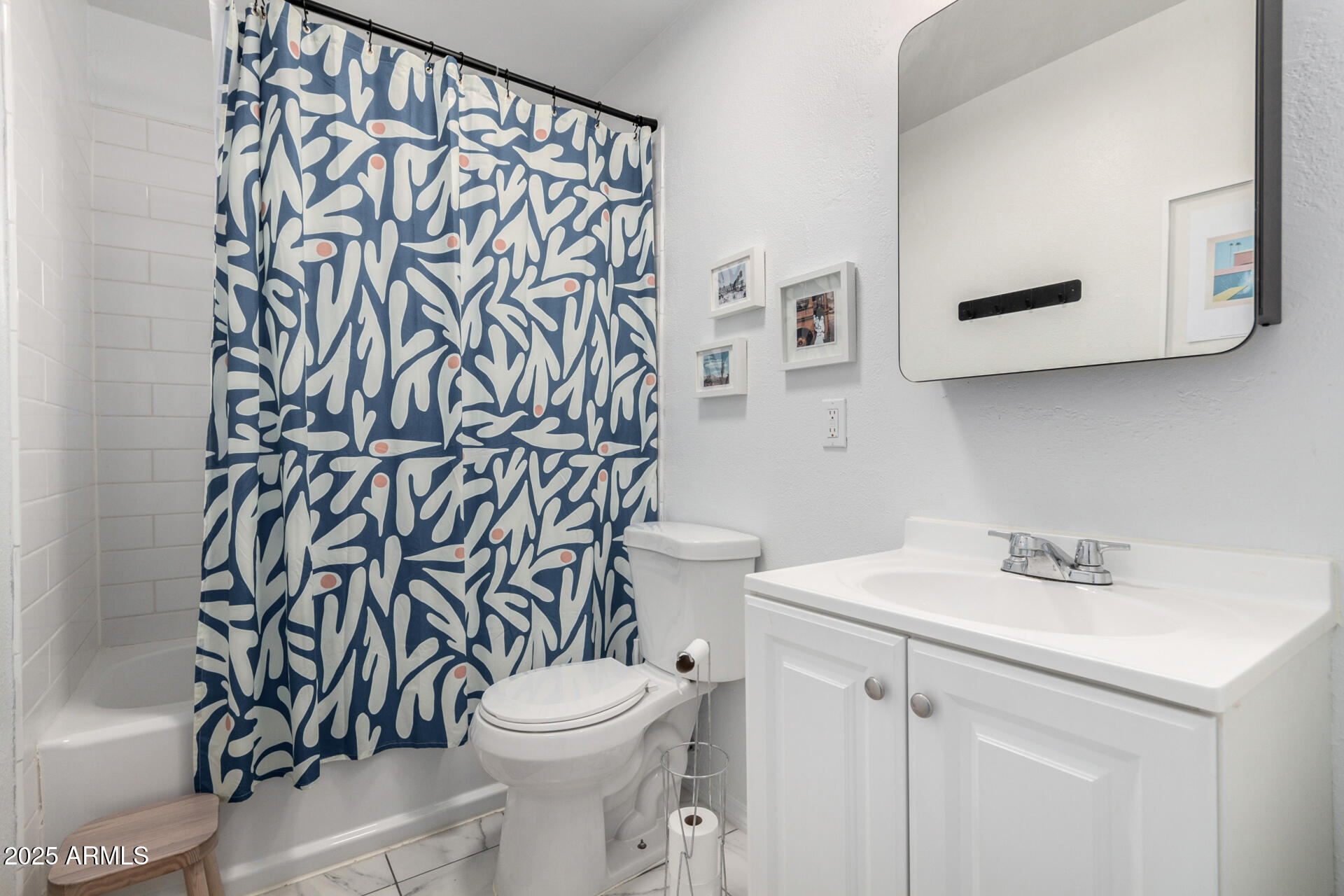 830 N LOS OLIVOS Drive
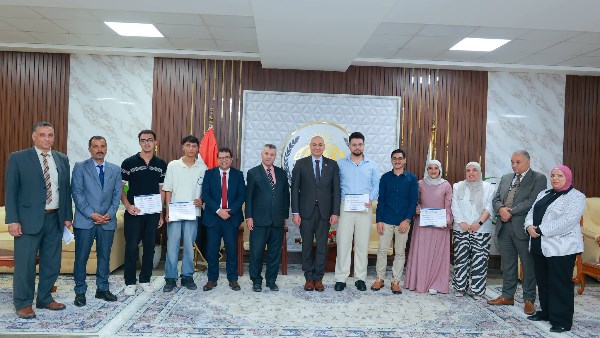 رئيس جامعة مدينة السادات يكرّم أصحاب الإنجازات العلمية والابتكارية .. صور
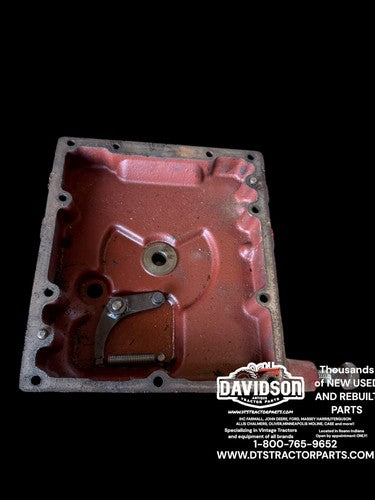 1970 Farmall IH 826 Tractor Transmission Shift Cover Plate 399045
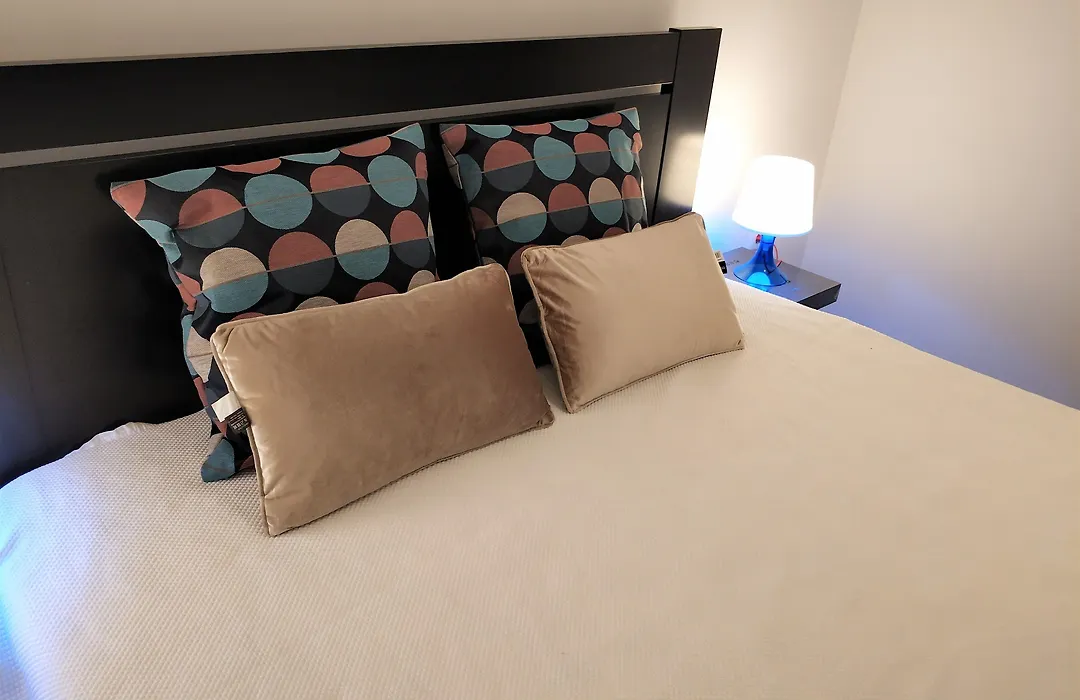 Sleep & Go Faro Airport Guest House-1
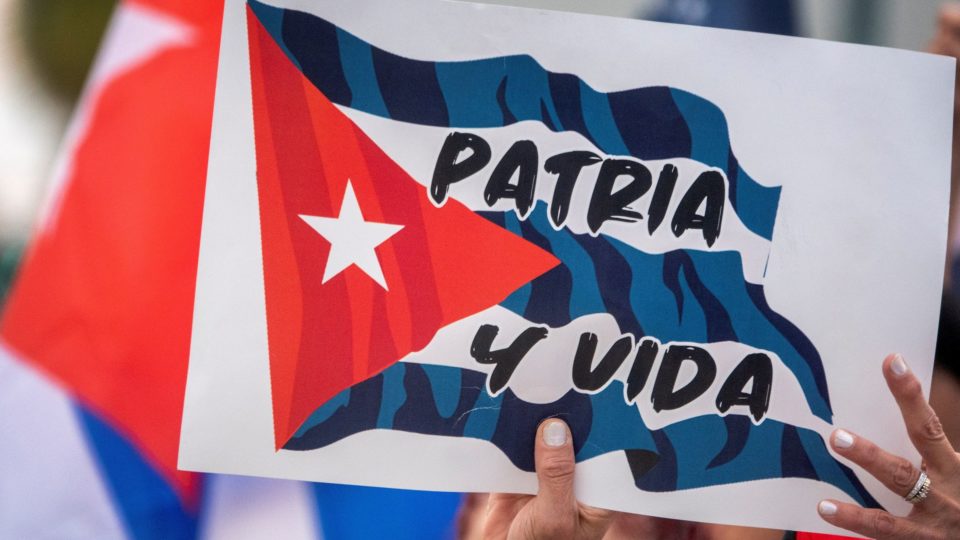 EUA criticam Cuba por “silenciar vozes” de jornalistas Cartaz exibido em protesto de exilados cubanos em Miami, em 14 de novembro, para apoiar as manifestações por liberdade em Cuba.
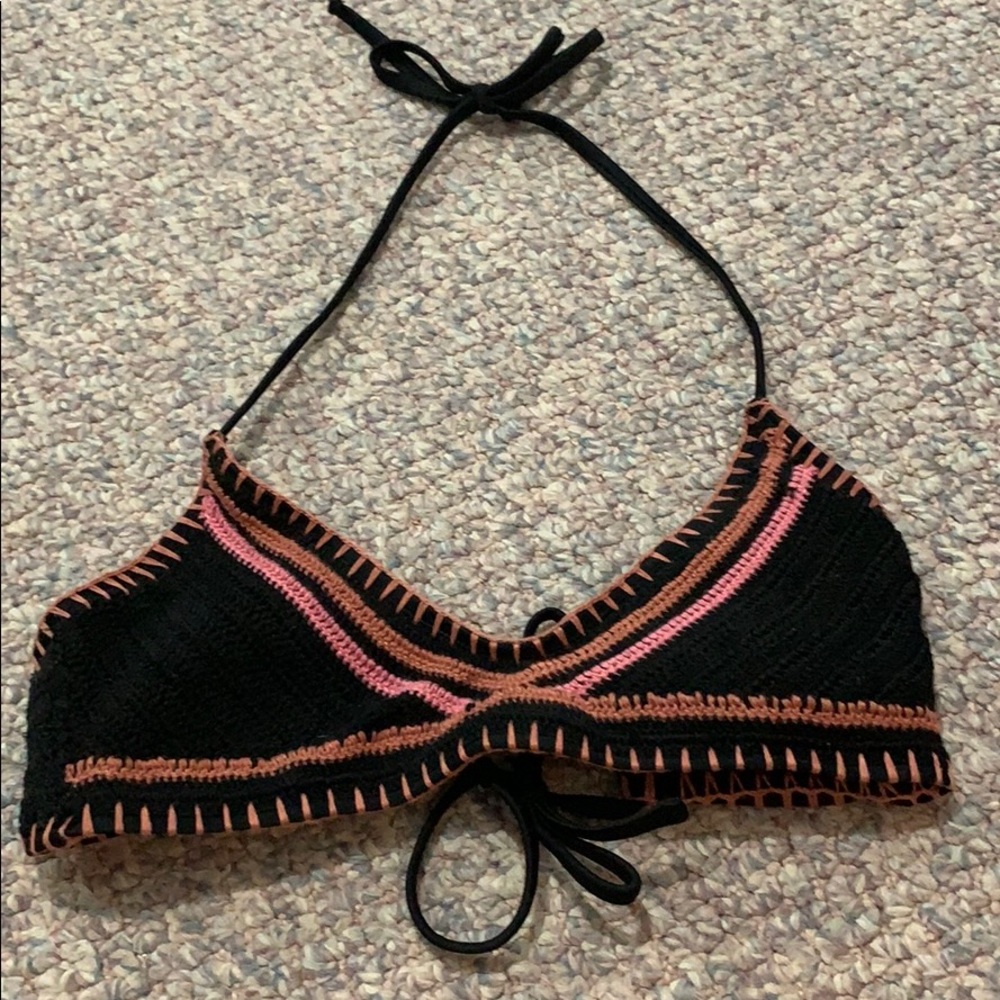Black target swim top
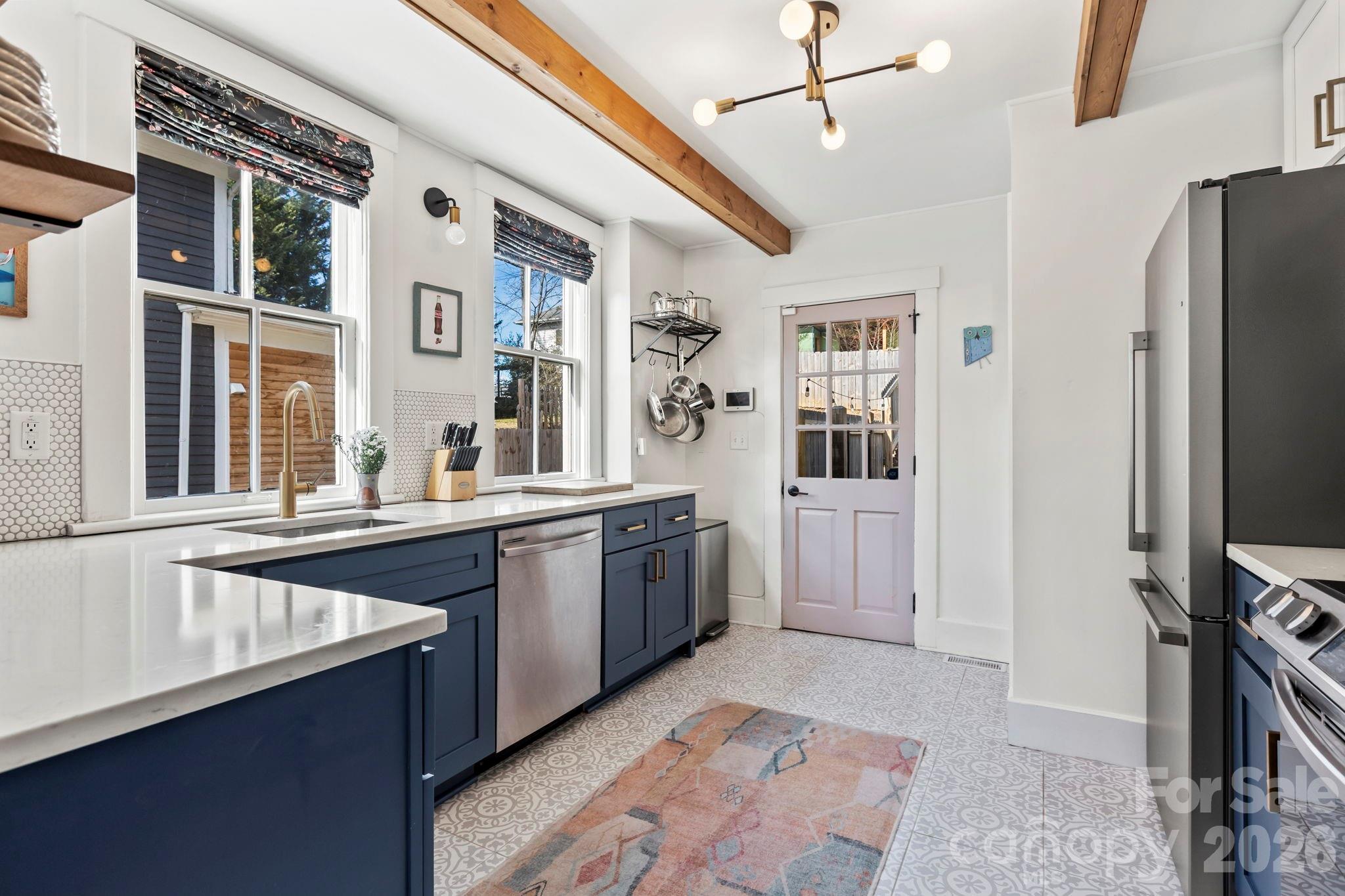 83 Arlington Street Asheville NC 28801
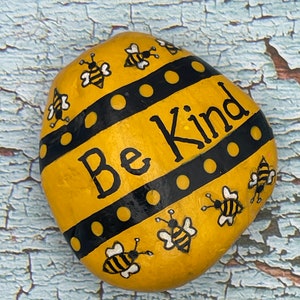Bumble Bees Be Kind, Bee Summer Fun, Painted Rock, Painted Stone Art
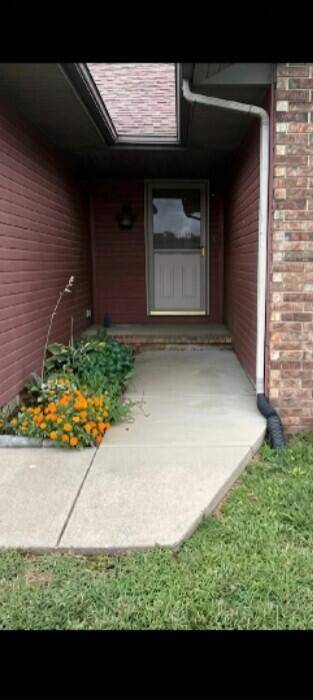 2211 W Deerfield ST, Springfield, MO 65807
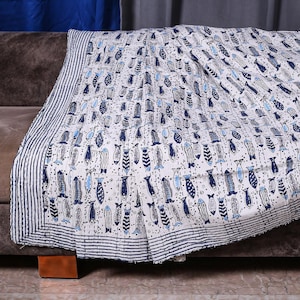 Cotton Kantha Quilt Bed Cover in Deep Blue & White | Kantha Quilt King Size | Handmade Bedding Quilt | Sofa Throw | Cotton Kantha Bedspread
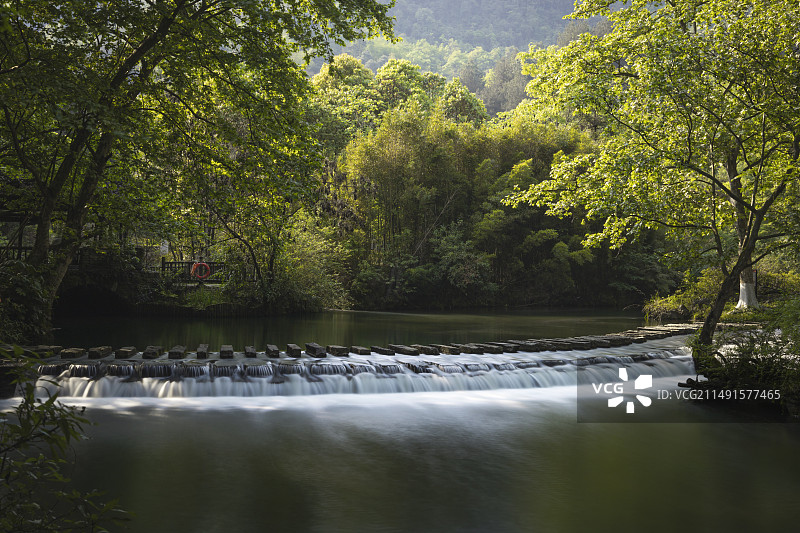 春天阳光明媚的公园景色图片素材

::::::::

Task to carry out: Restate the entries verbatim, without pictures.

Answer box:
 830 N LOS OLIVOS Drive
 رئيس جامعة مدينة السادات يكرّم أصحاب الإنجازات العلمية والابتكارية .. صور
 1970 Farmall IH 826 Tractor Transmission Shift Cover Plate 399045
 Sleep & Go Faro Airport Guest House-1
 EUA criticam Cuba por “silenciar vozes” de jornalistas Cartaz exibido em protesto de exilados cubanos em Miami, em 14 de novembro, para apoiar as manifestações por liberdade em Cuba.
Black target swim top
 83 Arlington Street Asheville NC 28801
Bumble Bees Be Kind, Bee Summer Fun, Painted Rock, Painted Stone Art
 2211 W Deerfield ST, Springfield, MO 65807
 Cotton Kantha Quilt Bed Cover in Deep Blue & White | Kantha Quilt King Size | Handmade Bedding Quilt | Sofa Throw | Cotton Kantha Bedspread
 春天阳光明媚的公园景色图片素材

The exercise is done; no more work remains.